▸ ACTIVITY
Once you have located the line containing "Handicap Bathroom Coconut Creek - FL" in the material below, return it exactly along with each line after it through the line containing "Electric Lifting Scaffolding".

▸ DATA EXTRACTS

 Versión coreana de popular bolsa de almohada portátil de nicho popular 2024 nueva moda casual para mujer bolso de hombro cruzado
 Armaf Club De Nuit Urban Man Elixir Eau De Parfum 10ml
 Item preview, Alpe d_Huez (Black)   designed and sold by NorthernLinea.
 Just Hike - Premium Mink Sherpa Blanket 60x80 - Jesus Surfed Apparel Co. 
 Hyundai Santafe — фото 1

--

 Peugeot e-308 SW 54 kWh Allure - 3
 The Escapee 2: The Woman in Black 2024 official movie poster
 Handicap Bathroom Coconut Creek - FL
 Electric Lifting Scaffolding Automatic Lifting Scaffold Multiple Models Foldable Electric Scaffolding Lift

▸ TASK OUTPUT
 Handicap Bathroom Coconut Creek - FL
 Electric Lifting Scaffolding Automatic Lifting Scaffold Multiple Models Foldable Electric Scaffolding Lift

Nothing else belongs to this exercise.